▶ [Problem details]:
Return the lines from the start of the data through the line with "2014 Tuxedo Black". Include both of those lines and no others.
━━━━━ Material supplied
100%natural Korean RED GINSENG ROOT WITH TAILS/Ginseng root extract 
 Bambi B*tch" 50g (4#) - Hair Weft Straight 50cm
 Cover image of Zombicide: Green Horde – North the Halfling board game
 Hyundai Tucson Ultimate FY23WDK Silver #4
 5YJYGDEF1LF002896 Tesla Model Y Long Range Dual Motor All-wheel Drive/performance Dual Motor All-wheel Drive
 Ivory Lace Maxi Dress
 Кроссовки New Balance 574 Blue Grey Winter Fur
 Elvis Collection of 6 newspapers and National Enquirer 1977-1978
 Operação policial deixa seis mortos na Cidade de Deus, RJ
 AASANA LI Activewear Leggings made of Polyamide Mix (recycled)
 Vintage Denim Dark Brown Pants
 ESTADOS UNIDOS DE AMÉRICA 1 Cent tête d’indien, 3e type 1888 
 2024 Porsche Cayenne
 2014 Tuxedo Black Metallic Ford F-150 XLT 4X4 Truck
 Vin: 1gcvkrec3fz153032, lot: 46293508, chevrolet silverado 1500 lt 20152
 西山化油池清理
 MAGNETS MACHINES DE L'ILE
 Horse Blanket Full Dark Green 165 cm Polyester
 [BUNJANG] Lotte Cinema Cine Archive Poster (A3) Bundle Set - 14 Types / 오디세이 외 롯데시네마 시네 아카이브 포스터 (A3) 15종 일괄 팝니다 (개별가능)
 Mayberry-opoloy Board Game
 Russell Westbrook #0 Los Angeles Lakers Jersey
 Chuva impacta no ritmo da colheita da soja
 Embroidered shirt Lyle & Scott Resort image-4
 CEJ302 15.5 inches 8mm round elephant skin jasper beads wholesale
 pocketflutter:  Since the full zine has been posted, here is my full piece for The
━━━━━━━━━━
▶ [Response]:
100%natural Korean RED GINSENG ROOT WITH TAILS/Ginseng root extract 
 Bambi B*tch" 50g (4#) - Hair Weft Straight 50cm
 Cover image of Zombicide: Green Horde – North the Halfling board game
 Hyundai Tucson Ultimate FY23WDK Silver #4
 5YJYGDEF1LF002896 Tesla Model Y Long Range Dual Motor All-wheel Drive/performance Dual Motor All-wheel Drive
 Ivory Lace Maxi Dress
 Кроссовки New Balance 574 Blue Grey Winter Fur
 Elvis Collection of 6 newspapers and National Enquirer 1977-1978
 Operação policial deixa seis mortos na Cidade de Deus, RJ
 AASANA LI Activewear Leggings made of Polyamide Mix (recycled)
 Vintage Denim Dark Brown Pants
 ESTADOS UNIDOS DE AMÉRICA 1 Cent tête d’indien, 3e type 1888 
 2024 Porsche Cayenne
 2014 Tuxedo Black Metallic Ford F-150 XLT 4X4 Truck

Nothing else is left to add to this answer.